## What is expected:
What is needed here is an exact repetition of the records below, beginning at the line that has "Salt Garnish- Cocktail Rimming Salts" and stopping after the line that has "Image of Cara".

┏━━

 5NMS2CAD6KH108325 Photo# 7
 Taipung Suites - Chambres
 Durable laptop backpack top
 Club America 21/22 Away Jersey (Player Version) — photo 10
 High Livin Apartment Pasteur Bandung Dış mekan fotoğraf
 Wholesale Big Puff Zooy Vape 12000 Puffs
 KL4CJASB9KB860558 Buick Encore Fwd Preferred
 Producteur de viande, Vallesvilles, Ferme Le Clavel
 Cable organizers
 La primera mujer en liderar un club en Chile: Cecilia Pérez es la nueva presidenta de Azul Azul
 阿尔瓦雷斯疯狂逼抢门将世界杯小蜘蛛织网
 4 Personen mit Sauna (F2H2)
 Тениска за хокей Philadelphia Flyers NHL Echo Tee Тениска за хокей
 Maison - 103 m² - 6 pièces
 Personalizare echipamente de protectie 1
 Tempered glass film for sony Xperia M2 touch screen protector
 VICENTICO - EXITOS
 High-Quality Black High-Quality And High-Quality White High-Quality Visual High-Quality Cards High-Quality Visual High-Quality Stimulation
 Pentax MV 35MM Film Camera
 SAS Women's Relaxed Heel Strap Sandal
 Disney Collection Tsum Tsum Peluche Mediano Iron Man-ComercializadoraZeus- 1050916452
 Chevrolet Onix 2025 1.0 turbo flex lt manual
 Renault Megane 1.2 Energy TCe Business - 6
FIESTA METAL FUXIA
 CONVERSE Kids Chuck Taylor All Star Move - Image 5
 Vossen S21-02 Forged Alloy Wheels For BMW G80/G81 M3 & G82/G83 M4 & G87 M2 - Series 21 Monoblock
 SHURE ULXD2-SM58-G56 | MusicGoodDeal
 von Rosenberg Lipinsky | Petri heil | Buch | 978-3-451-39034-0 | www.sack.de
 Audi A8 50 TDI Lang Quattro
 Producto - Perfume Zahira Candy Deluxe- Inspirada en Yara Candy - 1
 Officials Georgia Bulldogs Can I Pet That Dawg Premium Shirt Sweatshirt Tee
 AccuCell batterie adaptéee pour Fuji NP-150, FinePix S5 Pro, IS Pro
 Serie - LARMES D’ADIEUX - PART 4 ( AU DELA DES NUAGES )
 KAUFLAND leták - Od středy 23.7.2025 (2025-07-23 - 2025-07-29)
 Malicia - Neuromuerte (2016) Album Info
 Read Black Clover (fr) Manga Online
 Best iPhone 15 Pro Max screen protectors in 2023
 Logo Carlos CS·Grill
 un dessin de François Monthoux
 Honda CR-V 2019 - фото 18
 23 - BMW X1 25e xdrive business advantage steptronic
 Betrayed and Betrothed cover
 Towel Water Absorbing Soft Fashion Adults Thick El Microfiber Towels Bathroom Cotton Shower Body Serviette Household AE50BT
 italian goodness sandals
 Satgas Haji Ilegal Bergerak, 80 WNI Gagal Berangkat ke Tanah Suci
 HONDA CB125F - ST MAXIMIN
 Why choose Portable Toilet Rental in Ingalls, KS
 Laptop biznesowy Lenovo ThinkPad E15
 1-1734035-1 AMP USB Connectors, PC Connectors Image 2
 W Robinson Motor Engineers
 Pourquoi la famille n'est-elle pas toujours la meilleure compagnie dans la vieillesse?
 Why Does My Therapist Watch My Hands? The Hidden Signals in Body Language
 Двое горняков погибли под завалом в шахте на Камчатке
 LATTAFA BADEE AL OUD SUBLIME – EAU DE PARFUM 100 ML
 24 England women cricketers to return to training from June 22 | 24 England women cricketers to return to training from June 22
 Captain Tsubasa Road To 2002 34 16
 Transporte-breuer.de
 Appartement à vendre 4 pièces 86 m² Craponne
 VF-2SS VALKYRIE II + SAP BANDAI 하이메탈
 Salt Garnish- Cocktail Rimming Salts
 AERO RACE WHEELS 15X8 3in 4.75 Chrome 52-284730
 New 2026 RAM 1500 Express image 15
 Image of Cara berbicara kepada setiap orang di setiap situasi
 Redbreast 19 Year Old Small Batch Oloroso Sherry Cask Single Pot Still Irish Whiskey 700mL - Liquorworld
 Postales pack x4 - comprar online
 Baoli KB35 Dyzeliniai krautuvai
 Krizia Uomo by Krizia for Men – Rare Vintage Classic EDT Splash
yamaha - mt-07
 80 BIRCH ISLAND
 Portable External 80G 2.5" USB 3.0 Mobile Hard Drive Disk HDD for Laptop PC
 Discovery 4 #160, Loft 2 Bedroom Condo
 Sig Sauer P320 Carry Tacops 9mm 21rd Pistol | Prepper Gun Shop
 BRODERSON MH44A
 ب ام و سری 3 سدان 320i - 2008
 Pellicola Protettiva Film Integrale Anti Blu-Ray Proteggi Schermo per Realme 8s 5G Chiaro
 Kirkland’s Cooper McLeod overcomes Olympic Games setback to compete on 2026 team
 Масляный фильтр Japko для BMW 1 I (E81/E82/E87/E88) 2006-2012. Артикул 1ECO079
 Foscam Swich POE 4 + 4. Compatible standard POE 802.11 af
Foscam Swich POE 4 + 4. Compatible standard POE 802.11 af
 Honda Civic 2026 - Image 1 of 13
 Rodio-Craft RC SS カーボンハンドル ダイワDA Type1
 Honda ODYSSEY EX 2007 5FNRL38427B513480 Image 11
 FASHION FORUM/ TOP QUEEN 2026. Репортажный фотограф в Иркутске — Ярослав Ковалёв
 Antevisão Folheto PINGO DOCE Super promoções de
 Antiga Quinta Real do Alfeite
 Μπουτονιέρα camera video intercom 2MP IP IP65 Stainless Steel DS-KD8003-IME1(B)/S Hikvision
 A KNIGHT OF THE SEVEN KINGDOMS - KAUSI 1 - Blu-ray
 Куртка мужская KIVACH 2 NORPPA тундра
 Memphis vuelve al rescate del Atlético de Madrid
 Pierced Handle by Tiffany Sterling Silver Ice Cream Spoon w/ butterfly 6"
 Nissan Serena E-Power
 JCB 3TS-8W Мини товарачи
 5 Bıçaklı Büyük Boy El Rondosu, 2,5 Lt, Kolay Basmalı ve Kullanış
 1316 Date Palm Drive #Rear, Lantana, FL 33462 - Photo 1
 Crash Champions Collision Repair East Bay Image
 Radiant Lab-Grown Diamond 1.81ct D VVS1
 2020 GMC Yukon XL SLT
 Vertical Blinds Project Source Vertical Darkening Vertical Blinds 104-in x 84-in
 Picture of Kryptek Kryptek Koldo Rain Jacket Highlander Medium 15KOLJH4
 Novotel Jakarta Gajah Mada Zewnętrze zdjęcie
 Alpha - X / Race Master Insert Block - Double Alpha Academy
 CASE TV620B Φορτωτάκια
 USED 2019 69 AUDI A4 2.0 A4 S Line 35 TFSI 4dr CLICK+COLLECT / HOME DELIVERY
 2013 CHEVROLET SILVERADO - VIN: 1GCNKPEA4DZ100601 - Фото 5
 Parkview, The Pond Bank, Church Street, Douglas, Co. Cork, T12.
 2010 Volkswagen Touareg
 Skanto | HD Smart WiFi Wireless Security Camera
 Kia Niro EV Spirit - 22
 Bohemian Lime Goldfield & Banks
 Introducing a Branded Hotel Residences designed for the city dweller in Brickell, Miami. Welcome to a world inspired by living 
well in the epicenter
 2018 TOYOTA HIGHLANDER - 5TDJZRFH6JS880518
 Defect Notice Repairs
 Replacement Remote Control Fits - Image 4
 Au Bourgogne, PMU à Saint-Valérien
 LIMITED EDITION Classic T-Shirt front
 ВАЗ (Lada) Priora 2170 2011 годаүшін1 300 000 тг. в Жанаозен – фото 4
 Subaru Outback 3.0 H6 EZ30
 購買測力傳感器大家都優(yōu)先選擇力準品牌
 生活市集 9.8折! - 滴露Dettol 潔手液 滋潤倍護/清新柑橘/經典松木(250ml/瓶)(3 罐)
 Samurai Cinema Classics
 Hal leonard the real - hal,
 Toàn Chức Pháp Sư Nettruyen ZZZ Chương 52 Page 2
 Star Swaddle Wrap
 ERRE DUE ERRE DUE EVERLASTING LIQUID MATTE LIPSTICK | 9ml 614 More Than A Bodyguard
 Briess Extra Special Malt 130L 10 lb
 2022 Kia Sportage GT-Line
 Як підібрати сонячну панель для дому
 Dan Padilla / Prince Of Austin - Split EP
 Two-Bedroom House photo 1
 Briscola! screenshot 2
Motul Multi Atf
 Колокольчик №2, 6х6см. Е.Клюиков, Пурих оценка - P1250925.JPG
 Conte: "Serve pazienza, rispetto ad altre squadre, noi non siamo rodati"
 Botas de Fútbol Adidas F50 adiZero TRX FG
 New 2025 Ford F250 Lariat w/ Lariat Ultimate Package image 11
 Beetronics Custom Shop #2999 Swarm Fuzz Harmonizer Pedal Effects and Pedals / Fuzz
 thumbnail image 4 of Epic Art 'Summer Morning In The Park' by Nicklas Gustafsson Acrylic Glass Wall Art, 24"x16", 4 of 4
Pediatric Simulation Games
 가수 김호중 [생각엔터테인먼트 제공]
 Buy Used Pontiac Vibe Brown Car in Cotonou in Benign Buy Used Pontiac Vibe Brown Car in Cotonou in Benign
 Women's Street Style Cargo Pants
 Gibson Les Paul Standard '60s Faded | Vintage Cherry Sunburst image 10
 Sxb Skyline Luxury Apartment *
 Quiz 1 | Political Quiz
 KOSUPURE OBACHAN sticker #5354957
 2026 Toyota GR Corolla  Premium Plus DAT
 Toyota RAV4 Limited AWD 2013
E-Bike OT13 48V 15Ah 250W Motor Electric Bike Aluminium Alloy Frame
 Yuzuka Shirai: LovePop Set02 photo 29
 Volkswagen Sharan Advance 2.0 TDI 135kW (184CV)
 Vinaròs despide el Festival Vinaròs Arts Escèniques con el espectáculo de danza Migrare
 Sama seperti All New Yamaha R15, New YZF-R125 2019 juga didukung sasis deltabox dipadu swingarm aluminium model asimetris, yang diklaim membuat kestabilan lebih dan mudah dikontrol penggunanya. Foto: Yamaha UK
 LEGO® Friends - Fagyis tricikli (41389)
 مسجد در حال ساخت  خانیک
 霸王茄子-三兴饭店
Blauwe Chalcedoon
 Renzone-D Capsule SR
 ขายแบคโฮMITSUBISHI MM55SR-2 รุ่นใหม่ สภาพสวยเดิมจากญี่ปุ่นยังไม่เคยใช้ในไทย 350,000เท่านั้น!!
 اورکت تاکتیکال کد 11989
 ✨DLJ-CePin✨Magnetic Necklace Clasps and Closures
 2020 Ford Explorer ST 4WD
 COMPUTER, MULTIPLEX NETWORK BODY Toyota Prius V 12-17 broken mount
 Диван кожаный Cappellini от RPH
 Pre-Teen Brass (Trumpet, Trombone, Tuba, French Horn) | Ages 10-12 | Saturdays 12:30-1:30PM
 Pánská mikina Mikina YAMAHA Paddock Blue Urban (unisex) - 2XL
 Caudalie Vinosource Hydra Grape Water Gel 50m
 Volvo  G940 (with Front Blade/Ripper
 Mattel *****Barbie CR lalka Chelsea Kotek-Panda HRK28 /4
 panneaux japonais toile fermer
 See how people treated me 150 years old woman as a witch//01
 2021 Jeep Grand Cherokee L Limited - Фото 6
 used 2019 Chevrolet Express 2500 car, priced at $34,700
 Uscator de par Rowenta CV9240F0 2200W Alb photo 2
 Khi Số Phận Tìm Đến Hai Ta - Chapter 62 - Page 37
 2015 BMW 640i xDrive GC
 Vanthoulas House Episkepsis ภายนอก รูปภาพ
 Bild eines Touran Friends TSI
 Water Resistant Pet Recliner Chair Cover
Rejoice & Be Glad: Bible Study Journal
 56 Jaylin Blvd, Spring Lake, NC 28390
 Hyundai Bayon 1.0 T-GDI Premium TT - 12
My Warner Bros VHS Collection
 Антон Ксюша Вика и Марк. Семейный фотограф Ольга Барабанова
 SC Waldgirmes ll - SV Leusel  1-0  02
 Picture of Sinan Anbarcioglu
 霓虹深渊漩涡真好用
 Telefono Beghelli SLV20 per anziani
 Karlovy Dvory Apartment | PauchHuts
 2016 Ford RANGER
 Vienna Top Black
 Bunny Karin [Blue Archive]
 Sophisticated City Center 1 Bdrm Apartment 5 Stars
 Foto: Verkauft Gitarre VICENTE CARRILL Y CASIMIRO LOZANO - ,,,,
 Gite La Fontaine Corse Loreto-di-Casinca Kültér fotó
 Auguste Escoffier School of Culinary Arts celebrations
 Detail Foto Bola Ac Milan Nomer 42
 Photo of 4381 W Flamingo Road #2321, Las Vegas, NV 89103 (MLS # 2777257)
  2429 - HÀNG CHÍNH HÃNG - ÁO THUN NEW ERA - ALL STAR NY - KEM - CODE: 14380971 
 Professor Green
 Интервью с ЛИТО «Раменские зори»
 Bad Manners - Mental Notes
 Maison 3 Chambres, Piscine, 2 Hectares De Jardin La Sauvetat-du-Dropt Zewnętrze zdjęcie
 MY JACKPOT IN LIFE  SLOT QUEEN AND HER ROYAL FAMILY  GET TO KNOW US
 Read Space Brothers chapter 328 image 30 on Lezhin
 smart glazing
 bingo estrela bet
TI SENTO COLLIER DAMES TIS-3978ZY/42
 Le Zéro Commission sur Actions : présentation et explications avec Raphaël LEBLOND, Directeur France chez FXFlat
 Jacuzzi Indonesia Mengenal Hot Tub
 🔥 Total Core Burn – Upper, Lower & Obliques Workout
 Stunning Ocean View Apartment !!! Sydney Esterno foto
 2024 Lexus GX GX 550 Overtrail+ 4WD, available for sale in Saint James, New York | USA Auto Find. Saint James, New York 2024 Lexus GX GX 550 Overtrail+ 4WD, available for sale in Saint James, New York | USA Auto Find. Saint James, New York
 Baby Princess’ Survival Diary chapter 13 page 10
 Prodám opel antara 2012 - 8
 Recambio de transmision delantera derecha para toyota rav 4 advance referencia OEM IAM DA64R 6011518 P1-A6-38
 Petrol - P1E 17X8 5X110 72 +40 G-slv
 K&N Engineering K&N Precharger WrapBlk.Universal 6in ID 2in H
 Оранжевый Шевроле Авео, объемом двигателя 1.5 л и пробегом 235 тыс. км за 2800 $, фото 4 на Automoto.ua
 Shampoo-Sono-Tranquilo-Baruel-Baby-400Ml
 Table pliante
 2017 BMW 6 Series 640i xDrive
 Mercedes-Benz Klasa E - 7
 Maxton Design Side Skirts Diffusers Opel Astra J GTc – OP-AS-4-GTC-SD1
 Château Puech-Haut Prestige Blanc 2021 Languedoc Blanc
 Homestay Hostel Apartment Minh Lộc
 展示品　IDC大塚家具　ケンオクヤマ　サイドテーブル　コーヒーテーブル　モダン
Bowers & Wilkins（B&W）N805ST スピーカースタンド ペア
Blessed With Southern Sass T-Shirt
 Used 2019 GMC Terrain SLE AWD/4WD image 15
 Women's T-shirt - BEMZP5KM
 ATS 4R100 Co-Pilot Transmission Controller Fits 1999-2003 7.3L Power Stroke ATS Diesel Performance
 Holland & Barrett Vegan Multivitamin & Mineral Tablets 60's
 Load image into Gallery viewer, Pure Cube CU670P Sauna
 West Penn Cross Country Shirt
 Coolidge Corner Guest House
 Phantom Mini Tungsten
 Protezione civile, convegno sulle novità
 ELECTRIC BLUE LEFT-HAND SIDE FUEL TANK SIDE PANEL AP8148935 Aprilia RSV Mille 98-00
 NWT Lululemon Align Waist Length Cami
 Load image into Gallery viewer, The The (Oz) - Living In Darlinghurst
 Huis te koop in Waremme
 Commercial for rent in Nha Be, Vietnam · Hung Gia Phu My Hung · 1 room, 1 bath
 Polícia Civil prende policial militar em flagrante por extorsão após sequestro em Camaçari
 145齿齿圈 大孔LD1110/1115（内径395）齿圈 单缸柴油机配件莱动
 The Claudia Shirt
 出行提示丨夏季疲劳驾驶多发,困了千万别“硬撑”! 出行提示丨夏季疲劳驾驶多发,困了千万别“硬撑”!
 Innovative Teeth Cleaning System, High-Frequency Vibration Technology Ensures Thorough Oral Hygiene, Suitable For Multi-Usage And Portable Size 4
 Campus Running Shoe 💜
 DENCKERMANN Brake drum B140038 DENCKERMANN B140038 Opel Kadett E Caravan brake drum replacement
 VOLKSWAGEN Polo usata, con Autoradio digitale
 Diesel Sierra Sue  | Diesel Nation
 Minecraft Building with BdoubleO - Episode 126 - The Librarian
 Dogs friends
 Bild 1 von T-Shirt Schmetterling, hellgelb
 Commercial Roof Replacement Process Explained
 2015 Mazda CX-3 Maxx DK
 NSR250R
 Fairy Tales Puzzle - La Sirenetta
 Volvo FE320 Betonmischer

┗━━

## Task solution:
 Salt Garnish- Cocktail Rimming Salts
 AERO RACE WHEELS 15X8 3in 4.75 Chrome 52-284730
 New 2026 RAM 1500 Express image 15
 Image of Cara berbicara kepada setiap orang di setiap situasi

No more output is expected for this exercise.